With 52 seats of their own, Republicans can afford to lose two votes and still win a confirmation fight, as Vice President-elect Mike Pence, in his constitutional duty presiding over the Senate, could deliver the tie-breaking vote.
But the reality is that for the vast majority of Trump nominees, there will be some Democratic support buffeting the near-unanimity that is expected among Republicans for the entire slate of nominees.
Those votes will likely come from Democrats whose states delivered landslide victories for Trump. In Manchin's West Virginia, Trump won by 42 points. Heitkamp's North Dakota voted for Trump by 36 points. And Sen. Joe Donnelly has Trump's 19-point victory in his home state of Indiana to consider.
All three of these senators face re-election in 2018 - along with seven other Democrats from states where Trump defeated Democrat Hillary Clinton on Nov. 8.
Trump's nominees are likely to be confirmed. That's because of Senate Democrats.
That landscape could inform a lot more than this season's confirmation hearings, all of which may be merely a warm-up for the big fight that may be beginning: replacing the late Antonin Scalia on the Supreme Court.
Under current rules, Trump will need at least eight Democrats because those high court picks require a 60-vote hurdle.
The Trump team is already working it.
Last week, Pence paid visits to Manchin, Heitkamp and Sen. Tim Kaine, D-Va., his counterpart in the 2016 campaign who also faces re-election in 2018. Manchin said afterward that they discussed several issues, including the Supreme Court.
On Cabinet picks, Democratic aides stressed that Trump and Senate Republican leaders have not put pressure on these Democrats to come out early in support of the nominees. But Republicans would like to tout some measure of bipartisan support for as many nominees as possible, and they have been diligent in setting up meetings with potential Democratic supporters.
Heitkamp, just four years into her first term, met with Tillerson on the same day Sen. Richard Durbin, D-Ill., the Senate's No. 2 Democrat, met with the ExxonMobil CEO.
Earlier this month Heitkamp declined to state her position on Tillerson but reiterated that she has long been predisposed to giving a president of either party enough latitude to assemble the Cabinet of his or her choice. After meeting Tillerson, she issued a statement praising his "holistic" approach to diplomacy.
"I'm glad he shares my support for soft power investments that continue to strengthen American ties with strategic partners and treaty allies," Heitkamp said.
She did express concern about Tillerson's business ties to Russia, which included winning an honor from President Vladimir Putin that has raised concerns among some Republican national security hawks.
Several nominees have drawn Republican criticism.

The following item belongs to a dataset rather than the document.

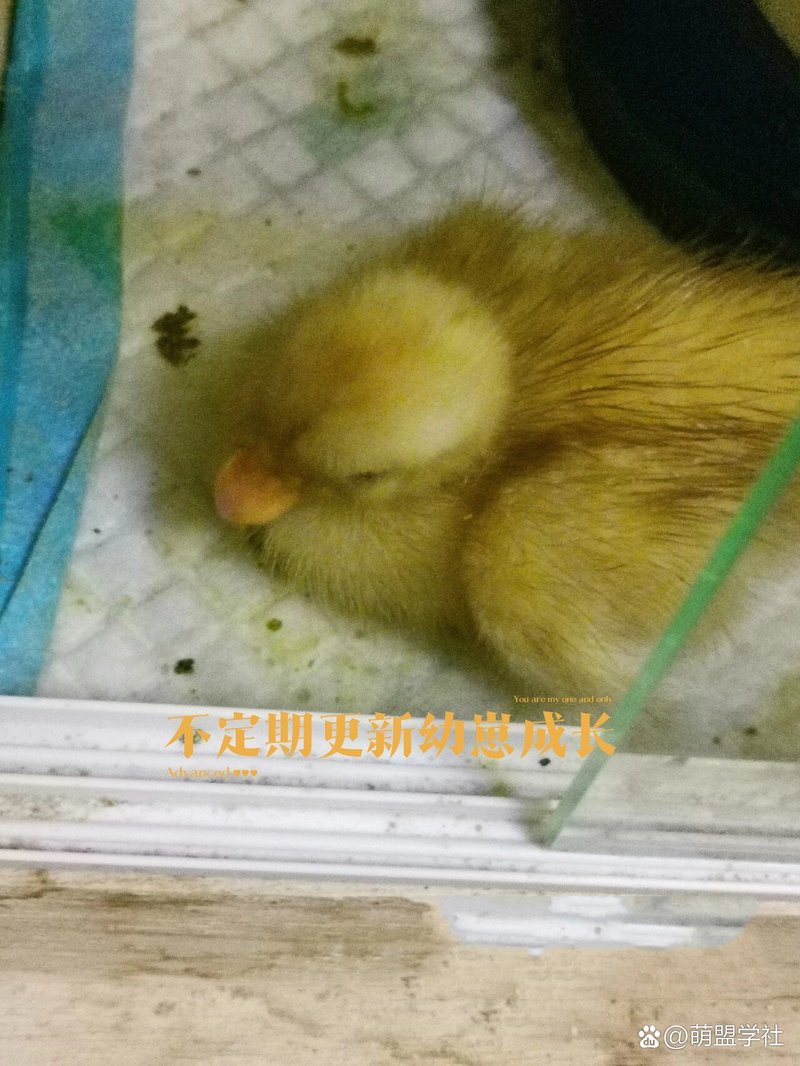 什么品種鴨嘴最長(zhǎng)只能長(zhǎng)到40cm【何種品種的鴨子的嘴部長(zhǎng)度上限為40cm？】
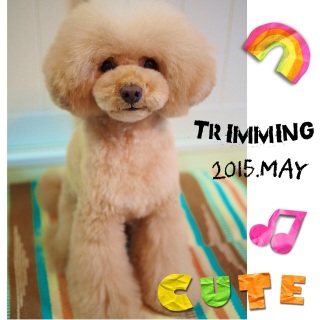 ����1���\��t���`♡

Sen. Marco Rubio, Fla., has been the leading GOP critic against Tillerson on the Foreign Relations Committee and has still not said how he will vote on the nomination, which is slated for a committee vote Monday. Other Republicans, including Sen. John McCain, R-Ariz., have also expressed concern.
So far, at least, Democratic leaders remain hopeful that Heitkamp and other moderates up for re-election next year would let a nominee fail if several Republicans chose to defect - for instance, if Rubio and McCain led a rebellion that left Tillerson a few votes short of winning confirmation among Republicans.
The man to watch in Rex Tillerson's confirmation hearing? Marco Rubio.
Yet, although they won't publicly acknowledge it, party leaders don't mind their Democrats from Trump states showing some deference to his Cabinet selections - even those who infuriate liberal activists.
Manchin, for example, is friends with Sessions, so almost immediately after his nomination was announced in November, the West Virginian announced his support. Perry is a friend from Manchin's tenure as West Virginia governor.
"He sat next to him. I have no problem with that," Senate Minority Leader Charles Schumer, D-N.Y., told reporters Thursday of Manchin's endorsement of Perry.
Despite some positive overtures, most rank-and-file Democrats have kept their powder dry. "I think it's rather exceptional at this point, I think most Democratic members have either withheld their position or only a few have announced an interest in voting for the nominee," Durbin said.
Manchin will not give a free pass to all GOP nominees. He has already flagged two that are troubling to him: Betsy DeVos, the billionaire conservative philanthropist nominated for education secretary, and Rep. Tom Price, R-Ga., the nominee for secretary of health and human services.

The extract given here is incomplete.